While Franco et al. discloses that hydrogen getter assemblies can be removably coupled to heat pipes via quick-connects, he neither teaches nor suggests use of such an assembly during the filing, sealing or field servicing of such heat pipes. As indicated earlier, various servicing operations may have to be performed on heat pipes once they have been installed in the field. These include the tasks of: measuring the internal heat pipe pressure to determine how much non-condensible gas is present; obtaining samples of such non-condensible gases for analysis; venting non-condensible gases from the heat pipe; obtaining a sample of the working fluid from the heat pipe for analysis; and performing internal visual inspections of the heat pipe.

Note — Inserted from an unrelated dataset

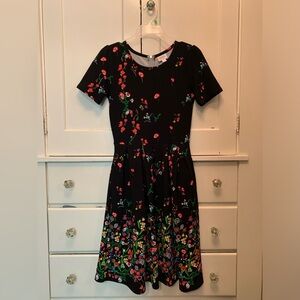 Lularoe Amelia Small Black Floral Dipped Dress with pockets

Franco et al. is also not particularly concerned with the manufacturing process for heat pipes. Many heat pipes are designed to have spirally wound aluminum fins present on both the evaporator and condenser sections. During the finning process, the heat pipe is spun at a high speed of rotation. Imbalances cannot be tolerated during such finning processes. Further, the addition of fins to heat pipes, particularly carbon steel fins, add significant weight to the heat pipe and therefore it is not practical from a manufacturing standpoint to fill and seal the heat pipe after it has been finned. Additionally, since heat pipes require a specified internal surface cleanliness, finning the heat pipes prior to the welding of the end cap and the like increases the chance of not meeting this requirement due to flash rust concerns. Further, if it is determined that the heat pipes do require cleaning, it would certainly be easier to do this without the fins being present. Finally, the fins- on some portions of heat pipes, particularly the condenser side of the heat pipes, may use aluminum fins which are a much softer material then carbon steel. Such fins would most certainly be damaged beyond repair if manufacture of the heat pipe were completed after the fins were attached to the tube itself.
It is thus clear that an improved method and apparatus for filling, sealing and field servicing individual heat pipes is desirable.